_WORK TASK_.
Repeat exactly the lines of the material below that run from the "Cartão de aniversário" line to the "Juego de Comedor" line, including both, and do not carry over any pictures.

_RECORDS TO USE_.
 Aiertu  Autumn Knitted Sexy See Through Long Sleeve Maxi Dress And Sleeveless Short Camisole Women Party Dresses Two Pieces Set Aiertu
* * *
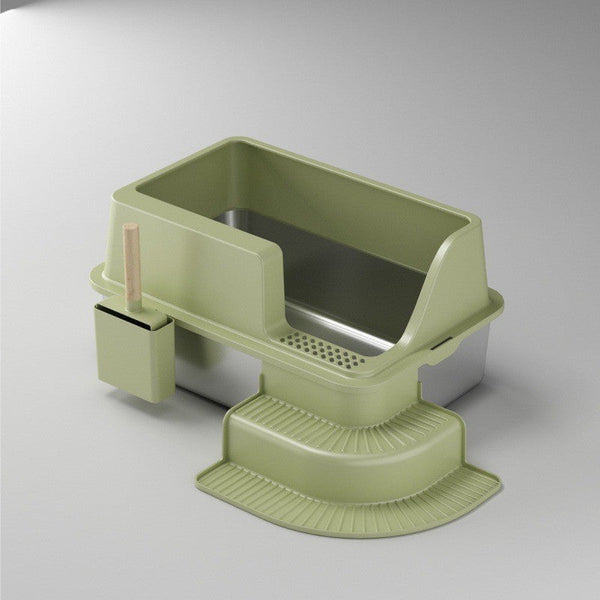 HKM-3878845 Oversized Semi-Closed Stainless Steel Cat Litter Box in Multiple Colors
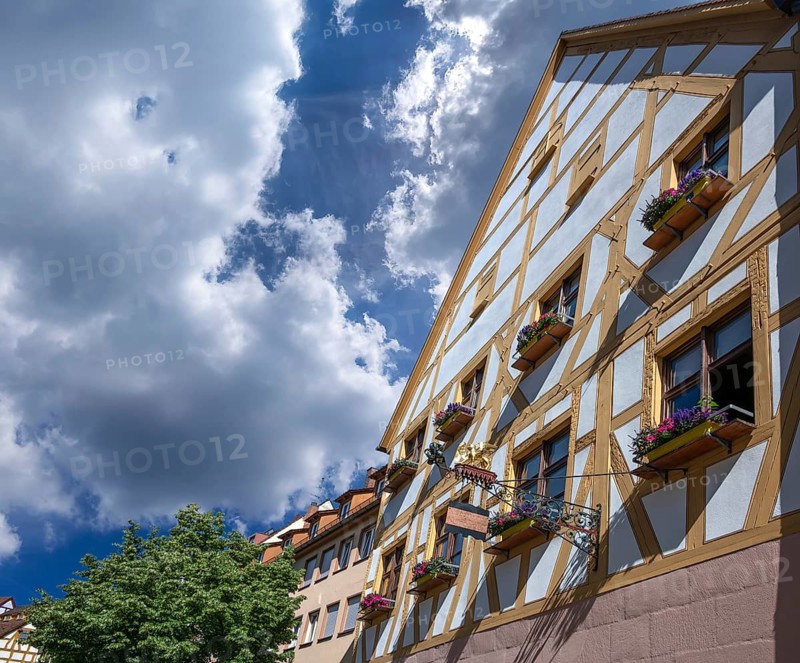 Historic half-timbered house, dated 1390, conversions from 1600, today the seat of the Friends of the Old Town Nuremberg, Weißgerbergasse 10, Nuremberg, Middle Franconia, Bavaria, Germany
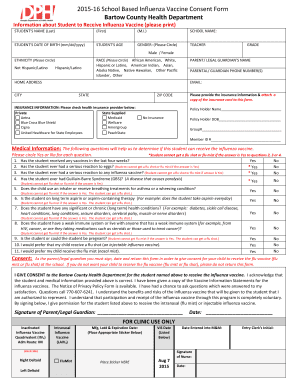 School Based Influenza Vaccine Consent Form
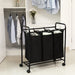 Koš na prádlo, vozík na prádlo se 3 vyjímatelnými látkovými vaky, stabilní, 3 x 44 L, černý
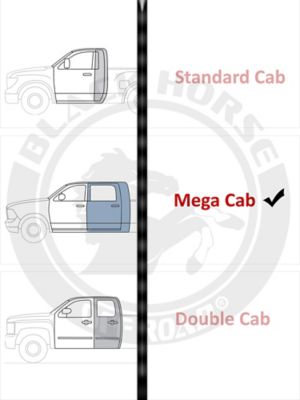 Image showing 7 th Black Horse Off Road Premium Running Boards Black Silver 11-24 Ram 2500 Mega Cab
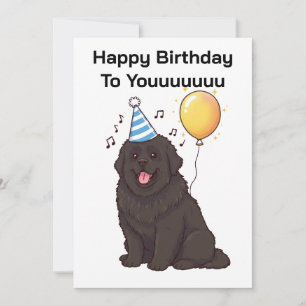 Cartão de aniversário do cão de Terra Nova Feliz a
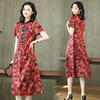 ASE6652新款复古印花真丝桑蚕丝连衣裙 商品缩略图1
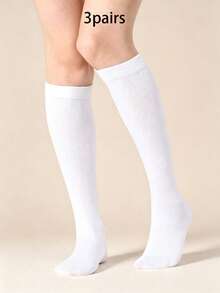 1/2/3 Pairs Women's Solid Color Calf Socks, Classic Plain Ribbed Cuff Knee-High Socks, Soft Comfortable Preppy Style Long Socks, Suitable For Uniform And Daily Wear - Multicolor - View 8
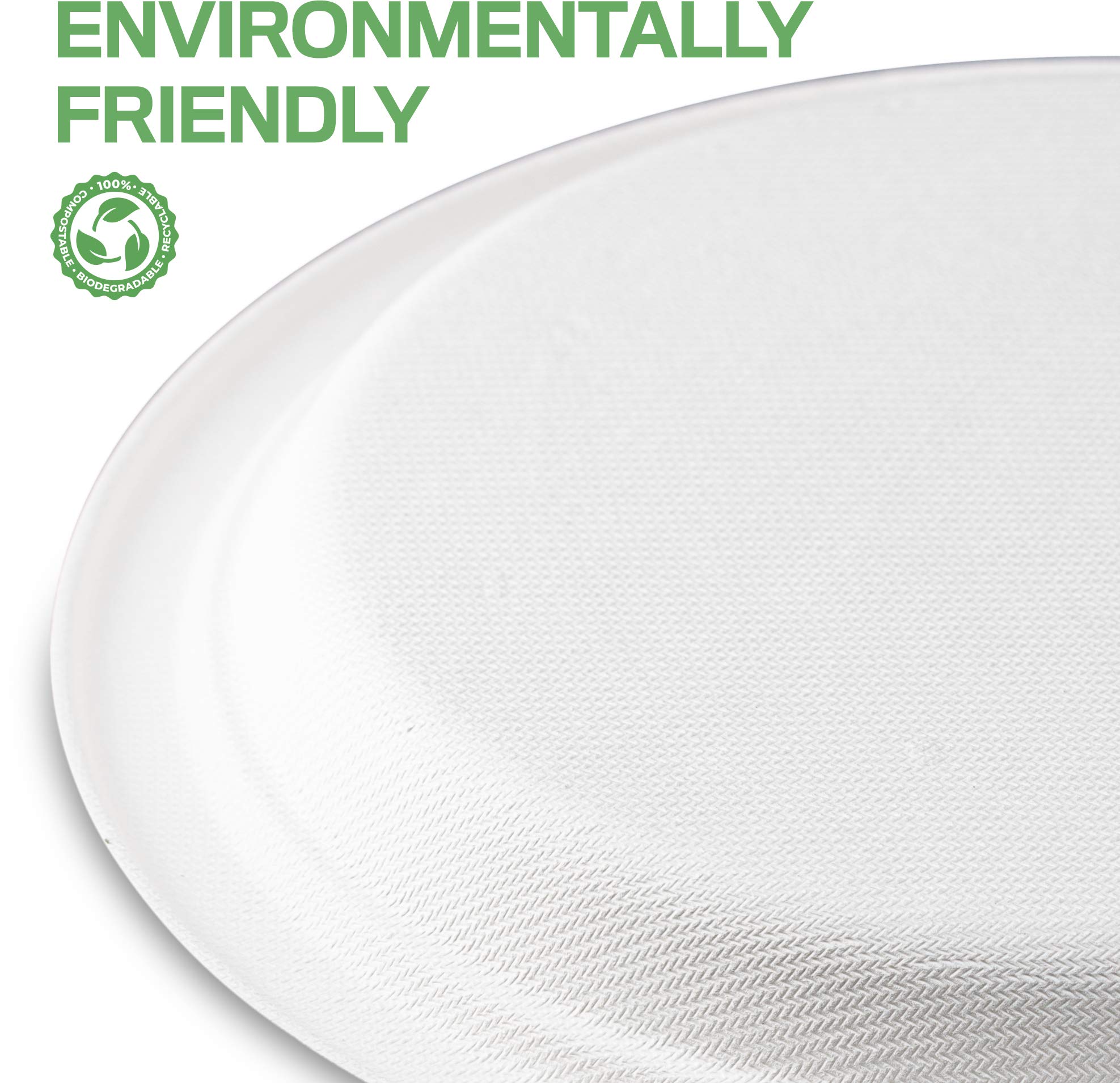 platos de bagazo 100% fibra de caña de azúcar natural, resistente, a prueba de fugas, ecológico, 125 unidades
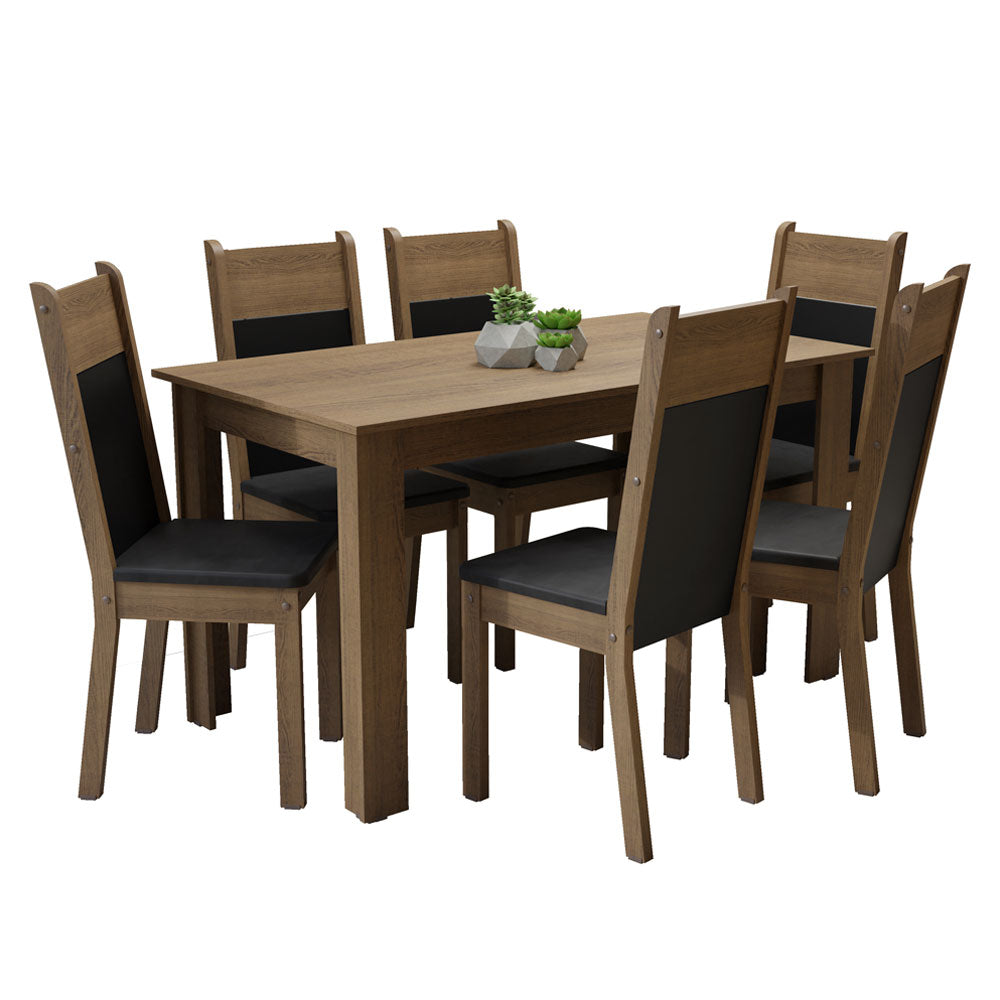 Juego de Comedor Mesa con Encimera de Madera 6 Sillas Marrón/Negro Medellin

_RESPONSE AREA_.
 Cartão de aniversário do cão de Terra Nova Feliz a
 ASE6652新款复古印花真丝桑蚕丝连衣裙 商品缩略图1
 1/2/3 Pairs Women's Solid Color Calf Socks, Classic Plain Ribbed Cuff Knee-High Socks, Soft Comfortable Preppy Style Long Socks, Suitable For Uniform And Daily Wear - Multicolor - View 8
 platos de bagazo 100% fibra de caña de azúcar natural, resistente, a prueba de fugas, ecológico, 125 unidades
 Juego de Comedor Mesa con Encimera de Madera 6 Sillas Marrón/Negro Medellin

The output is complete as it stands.